AIM OF THE EXERCISE: Lines with the word "Deep" in them must be copied from the records below.

EXCERPTED RECORDS:
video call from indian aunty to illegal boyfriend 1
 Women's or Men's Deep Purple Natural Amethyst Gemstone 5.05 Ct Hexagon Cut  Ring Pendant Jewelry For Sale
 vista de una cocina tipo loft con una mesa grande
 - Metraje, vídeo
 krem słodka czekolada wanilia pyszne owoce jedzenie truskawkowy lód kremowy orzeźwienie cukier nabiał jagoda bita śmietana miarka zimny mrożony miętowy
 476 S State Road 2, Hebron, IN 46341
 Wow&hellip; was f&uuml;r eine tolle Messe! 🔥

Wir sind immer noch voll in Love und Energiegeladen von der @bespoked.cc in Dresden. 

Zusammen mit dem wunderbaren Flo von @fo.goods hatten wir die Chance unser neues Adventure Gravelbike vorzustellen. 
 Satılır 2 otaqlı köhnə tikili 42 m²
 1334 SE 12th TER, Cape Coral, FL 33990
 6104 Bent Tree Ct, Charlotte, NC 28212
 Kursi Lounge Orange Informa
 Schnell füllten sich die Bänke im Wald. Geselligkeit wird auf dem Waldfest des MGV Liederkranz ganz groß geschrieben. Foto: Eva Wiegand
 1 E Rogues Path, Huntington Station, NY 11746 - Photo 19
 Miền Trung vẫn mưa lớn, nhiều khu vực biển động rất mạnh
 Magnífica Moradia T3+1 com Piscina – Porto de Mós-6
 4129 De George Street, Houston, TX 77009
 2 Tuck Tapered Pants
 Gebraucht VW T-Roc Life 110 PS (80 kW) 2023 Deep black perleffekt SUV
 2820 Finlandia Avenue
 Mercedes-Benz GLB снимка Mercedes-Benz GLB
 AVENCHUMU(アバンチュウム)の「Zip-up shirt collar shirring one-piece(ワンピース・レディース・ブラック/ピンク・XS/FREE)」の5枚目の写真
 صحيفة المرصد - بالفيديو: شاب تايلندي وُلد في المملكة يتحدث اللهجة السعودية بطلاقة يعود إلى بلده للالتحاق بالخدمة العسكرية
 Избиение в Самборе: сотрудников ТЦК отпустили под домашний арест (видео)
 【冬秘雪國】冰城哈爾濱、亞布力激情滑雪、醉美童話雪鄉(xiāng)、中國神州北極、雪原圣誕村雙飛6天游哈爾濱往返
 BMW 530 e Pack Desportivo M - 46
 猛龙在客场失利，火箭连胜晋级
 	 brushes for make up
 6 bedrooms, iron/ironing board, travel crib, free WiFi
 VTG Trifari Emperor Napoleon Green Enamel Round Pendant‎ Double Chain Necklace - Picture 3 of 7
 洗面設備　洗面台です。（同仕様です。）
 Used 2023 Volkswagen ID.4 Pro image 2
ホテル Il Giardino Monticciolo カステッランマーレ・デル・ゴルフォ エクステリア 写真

OUTPUT OF THE EXERCISE:
 Women's or Men's Deep Purple Natural Amethyst Gemstone 5.05 Ct Hexagon Cut  Ring Pendant Jewelry For Sale
 Gebraucht VW T-Roc Life 110 PS (80 kW) 2023 Deep black perleffekt SUV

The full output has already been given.